El escenario que pinta Ajofrín es dantesco. Tremores y terremotos constantes. Las aves huyeron. Los cedros, robles y pinos: muertos. Se le abrieron tres bocas al volcán. “En Valladolid [Morelia] no se registró el sol en diez días; en Patzquaro duraron por más tiempo las tinieblas. Las cenizas llegaron a Querétaro y aún más allá.” “Y en todas partes no se oían sino rogativas públicas y gemidos al Cielo, pensando ser ya llegada aquella última hora.” La furia destructiva del Jorullo se extendió por seis meses, tras los cuales: “el valle ya no era valle, sino una elevadísima montaña que había formado el volcán… la llanura ya no era llanura, sino una monstruosa fragosidad de peñas”.
Cinco años después, el volcán seguía activo (su última erupción se registró en 1774).

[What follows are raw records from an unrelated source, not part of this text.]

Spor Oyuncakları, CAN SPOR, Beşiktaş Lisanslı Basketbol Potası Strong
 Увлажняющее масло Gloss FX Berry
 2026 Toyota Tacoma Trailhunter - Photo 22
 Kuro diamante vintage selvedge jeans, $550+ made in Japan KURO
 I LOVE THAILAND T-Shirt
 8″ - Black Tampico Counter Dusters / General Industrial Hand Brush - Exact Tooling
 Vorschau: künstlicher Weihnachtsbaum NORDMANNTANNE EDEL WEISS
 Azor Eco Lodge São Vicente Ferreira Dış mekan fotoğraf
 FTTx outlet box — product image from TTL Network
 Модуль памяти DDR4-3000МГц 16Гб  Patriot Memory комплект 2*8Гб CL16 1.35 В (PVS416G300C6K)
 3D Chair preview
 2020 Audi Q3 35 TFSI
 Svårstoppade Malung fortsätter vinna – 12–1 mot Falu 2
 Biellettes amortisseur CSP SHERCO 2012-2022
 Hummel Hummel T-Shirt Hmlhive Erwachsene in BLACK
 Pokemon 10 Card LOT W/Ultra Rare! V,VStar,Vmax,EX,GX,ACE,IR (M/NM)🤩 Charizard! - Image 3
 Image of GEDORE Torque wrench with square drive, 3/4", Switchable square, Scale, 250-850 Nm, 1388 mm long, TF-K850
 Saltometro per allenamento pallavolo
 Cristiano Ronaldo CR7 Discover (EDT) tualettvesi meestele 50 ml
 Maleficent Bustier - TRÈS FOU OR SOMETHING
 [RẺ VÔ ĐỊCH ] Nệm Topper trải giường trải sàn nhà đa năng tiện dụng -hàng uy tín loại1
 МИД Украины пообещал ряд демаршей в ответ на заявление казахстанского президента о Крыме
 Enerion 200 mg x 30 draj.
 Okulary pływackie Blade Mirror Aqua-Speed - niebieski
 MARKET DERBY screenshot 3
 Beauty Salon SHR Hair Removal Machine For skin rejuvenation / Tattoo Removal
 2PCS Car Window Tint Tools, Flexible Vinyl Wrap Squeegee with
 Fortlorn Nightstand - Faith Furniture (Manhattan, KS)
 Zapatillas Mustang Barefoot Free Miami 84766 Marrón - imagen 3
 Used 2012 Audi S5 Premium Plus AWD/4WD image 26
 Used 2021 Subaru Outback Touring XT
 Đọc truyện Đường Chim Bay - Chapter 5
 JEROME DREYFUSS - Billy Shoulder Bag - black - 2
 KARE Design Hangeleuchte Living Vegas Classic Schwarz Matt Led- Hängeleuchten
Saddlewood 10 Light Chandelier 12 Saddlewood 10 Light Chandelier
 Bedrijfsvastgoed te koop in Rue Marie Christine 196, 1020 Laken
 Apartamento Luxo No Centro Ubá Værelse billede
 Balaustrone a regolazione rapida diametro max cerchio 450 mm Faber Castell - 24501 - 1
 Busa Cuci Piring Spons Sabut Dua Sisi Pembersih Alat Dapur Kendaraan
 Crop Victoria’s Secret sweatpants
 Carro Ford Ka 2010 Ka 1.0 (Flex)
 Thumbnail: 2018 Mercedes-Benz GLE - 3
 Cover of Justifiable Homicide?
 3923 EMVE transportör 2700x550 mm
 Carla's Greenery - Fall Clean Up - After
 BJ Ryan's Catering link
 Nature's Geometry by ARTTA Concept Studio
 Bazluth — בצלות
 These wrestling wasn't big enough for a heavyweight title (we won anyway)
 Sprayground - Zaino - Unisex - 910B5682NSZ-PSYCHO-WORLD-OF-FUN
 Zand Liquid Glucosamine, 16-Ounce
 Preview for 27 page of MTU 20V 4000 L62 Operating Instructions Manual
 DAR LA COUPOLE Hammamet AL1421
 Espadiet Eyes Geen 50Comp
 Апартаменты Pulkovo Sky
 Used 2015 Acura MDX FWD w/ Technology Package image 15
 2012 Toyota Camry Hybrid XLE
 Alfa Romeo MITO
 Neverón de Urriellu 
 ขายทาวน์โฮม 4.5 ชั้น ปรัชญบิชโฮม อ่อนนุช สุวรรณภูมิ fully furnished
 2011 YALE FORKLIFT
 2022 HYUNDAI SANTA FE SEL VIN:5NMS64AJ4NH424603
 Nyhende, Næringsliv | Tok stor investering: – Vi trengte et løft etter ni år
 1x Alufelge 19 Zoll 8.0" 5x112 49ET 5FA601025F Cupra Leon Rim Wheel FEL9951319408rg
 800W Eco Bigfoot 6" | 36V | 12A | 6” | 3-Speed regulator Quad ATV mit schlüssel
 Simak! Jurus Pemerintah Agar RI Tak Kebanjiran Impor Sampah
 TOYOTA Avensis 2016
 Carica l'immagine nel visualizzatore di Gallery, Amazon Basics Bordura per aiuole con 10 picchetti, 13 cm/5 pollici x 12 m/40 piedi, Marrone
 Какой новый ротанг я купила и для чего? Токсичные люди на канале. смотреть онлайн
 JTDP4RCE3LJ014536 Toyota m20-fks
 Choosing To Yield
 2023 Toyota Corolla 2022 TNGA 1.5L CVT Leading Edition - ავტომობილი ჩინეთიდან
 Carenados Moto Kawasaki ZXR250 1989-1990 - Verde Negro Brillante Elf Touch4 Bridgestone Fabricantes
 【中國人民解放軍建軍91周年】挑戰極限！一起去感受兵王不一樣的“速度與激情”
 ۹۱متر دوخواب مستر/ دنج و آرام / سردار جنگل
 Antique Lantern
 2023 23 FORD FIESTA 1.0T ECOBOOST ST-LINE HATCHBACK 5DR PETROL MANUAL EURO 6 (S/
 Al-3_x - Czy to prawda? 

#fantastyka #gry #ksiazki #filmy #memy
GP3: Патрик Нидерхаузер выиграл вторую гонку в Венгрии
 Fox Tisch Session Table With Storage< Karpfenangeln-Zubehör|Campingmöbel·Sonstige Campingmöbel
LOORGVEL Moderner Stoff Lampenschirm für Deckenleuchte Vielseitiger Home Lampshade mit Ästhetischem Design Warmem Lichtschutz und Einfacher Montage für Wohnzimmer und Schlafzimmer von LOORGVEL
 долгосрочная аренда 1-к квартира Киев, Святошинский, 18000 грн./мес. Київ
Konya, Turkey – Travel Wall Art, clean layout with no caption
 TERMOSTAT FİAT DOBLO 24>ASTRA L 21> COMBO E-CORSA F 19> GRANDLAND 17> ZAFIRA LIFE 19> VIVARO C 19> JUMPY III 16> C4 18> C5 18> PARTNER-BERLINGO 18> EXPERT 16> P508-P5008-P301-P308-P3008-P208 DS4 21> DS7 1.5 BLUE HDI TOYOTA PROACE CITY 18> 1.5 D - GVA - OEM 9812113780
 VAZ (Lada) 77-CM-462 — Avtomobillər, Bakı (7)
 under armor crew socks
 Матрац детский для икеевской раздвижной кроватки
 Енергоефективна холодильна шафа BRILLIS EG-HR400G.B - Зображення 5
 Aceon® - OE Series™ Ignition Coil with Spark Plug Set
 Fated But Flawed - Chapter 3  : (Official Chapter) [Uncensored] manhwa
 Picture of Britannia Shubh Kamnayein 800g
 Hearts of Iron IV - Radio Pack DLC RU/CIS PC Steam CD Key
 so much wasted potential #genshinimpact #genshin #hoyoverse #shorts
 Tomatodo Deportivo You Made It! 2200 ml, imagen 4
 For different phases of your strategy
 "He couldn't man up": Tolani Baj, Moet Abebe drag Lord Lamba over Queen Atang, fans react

La zona estaba abandonada, apenas transitada por los arrieros, quienes de acuerdo con el fraile, debían pasar por un río que venía del volcán y al que llamaban “Paso del Salto, porque es preciso pasarle dando brincos y saltos por no quemarse con el ardor del agua”. Aunque algunos lo tomaban con filosofía: “cuando el volcán está quieto llegan los arrieros a estas peñas a encender sus cigarros y tomar lumbre”.
A medida que el volcán menguó su actividad, la región pudo renacer lentamente. Las historiadoras María Carmen Alonso Núñez y María Isabel Marín Tello, que han revisado la corta historiografía sobre este episodio y han investigado su impacto económico y social, encuentran que tan pronto como para 1762 ya habían vuelto algunos pocos habitantes a La Aguacana. Las haciendas del Xurullo y La Presentación, en cambio, apenas pudieron retomar algunas actividades hasta la década de 1770. Sin embargo, ellas señalan que no es sino hasta 1813 que La Huacana se pudo recuperar. La región tendría que esperar poco más de una centuria para volver a vivir algo similar con el volcán Paricutín en 1943.